STUDY MATERIAL
((
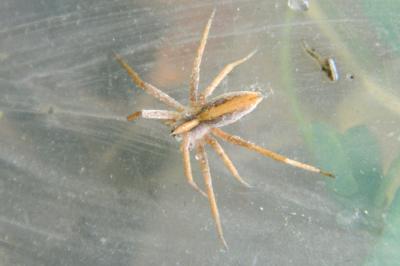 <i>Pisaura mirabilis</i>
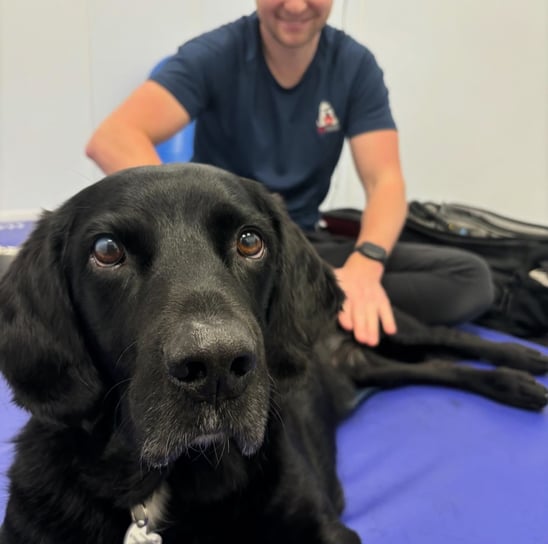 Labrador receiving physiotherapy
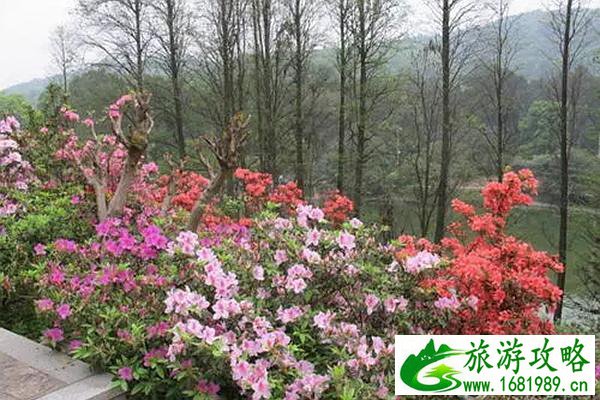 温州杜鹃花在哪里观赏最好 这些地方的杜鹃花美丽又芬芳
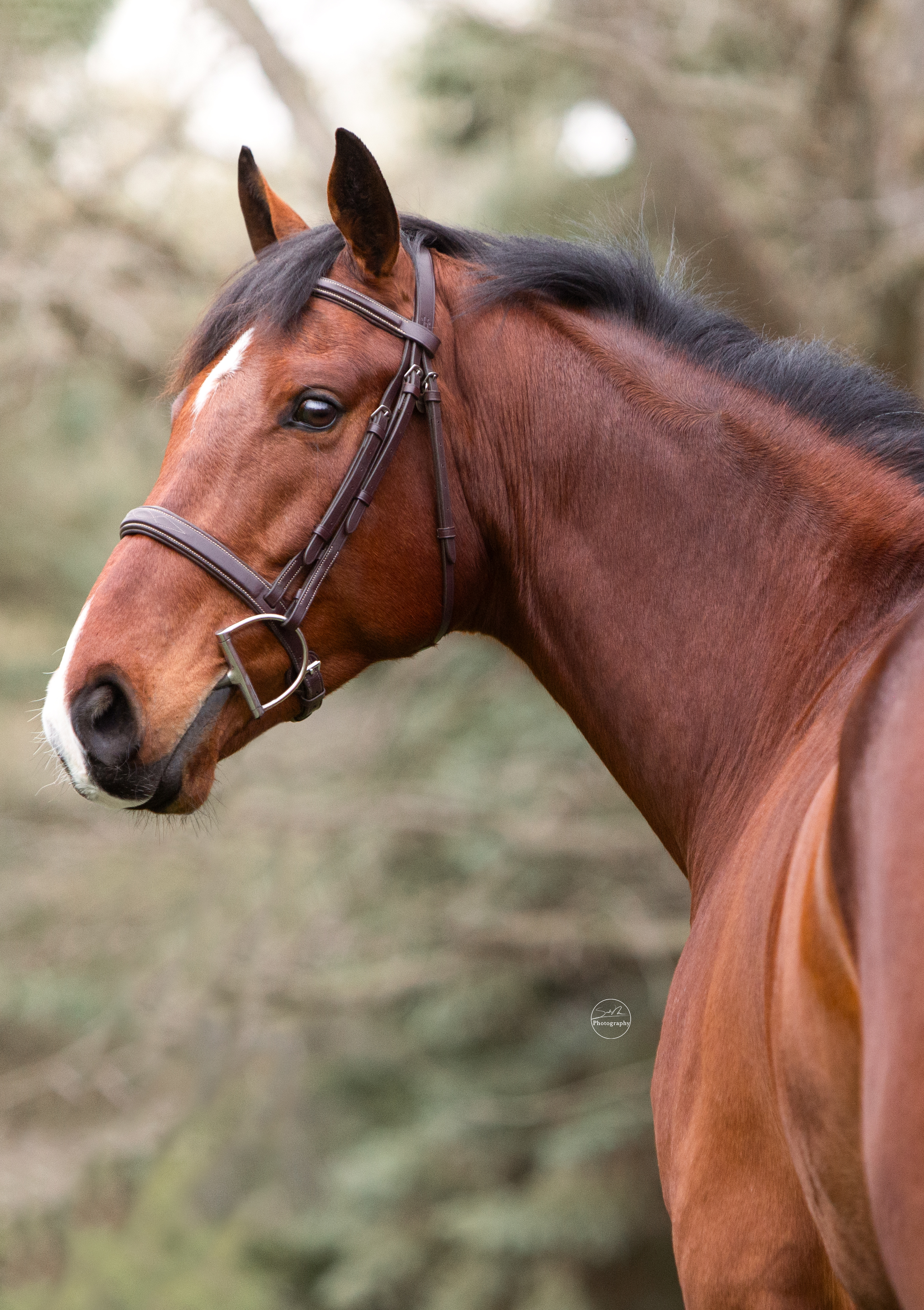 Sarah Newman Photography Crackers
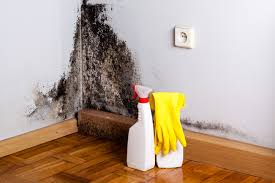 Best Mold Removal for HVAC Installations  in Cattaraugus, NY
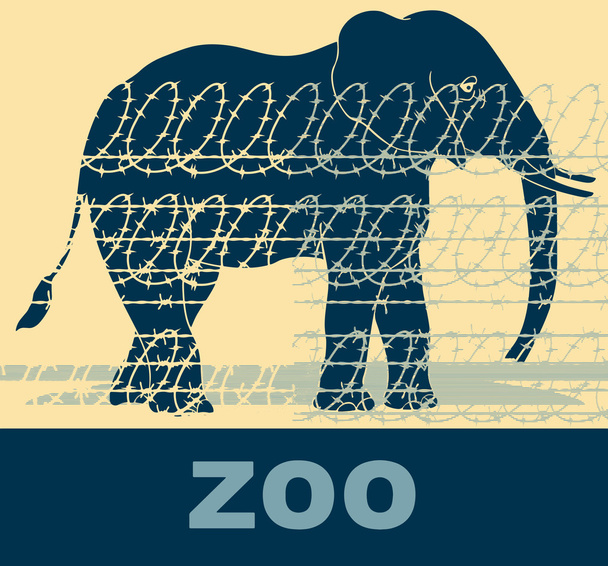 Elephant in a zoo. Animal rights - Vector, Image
))
((
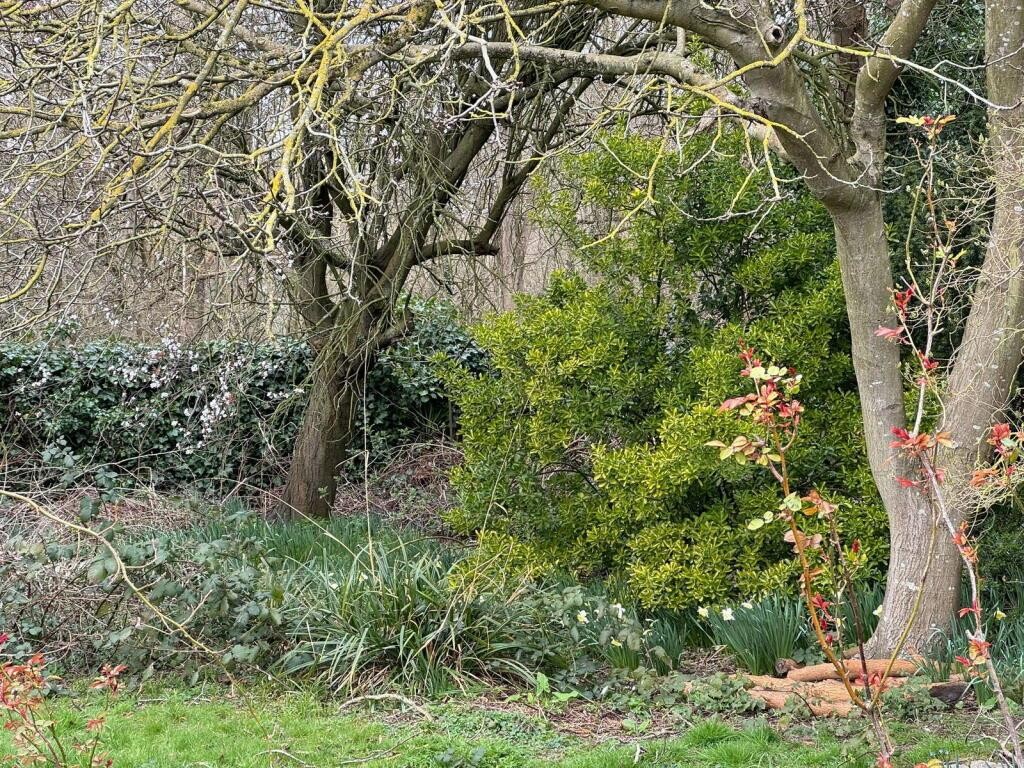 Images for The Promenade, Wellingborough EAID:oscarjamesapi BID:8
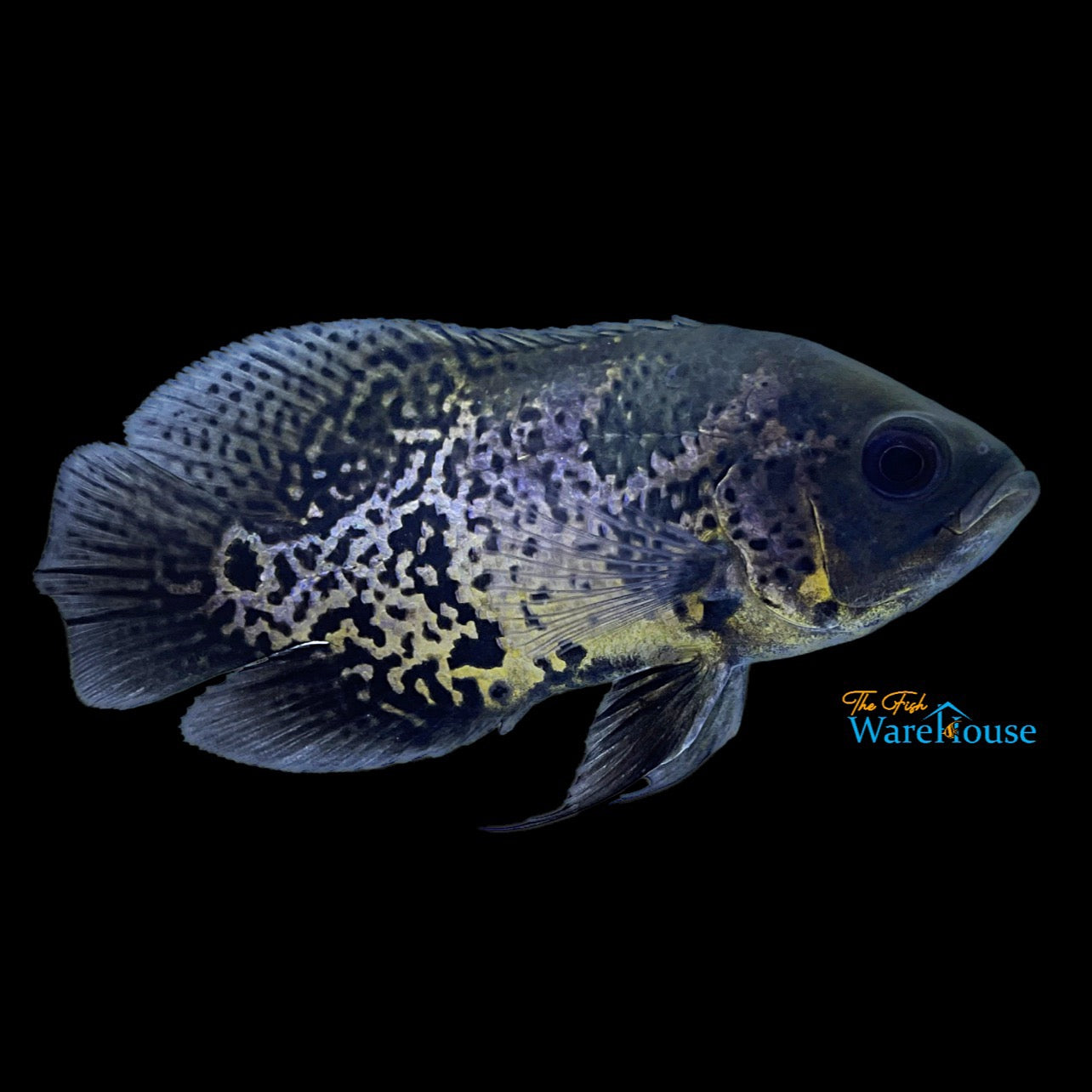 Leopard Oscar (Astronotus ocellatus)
))
TASK GOAL
With the pictures omitted, print the lines above exactly, beginning at the line with "Best Mold Removal" and going on through the line with "Elephant in a".

EXERCISE OUTPUT
 Best Mold Removal for HVAC Installations  in Cattaraugus, NY
 Elephant in a zoo. Animal rights - Vector, Image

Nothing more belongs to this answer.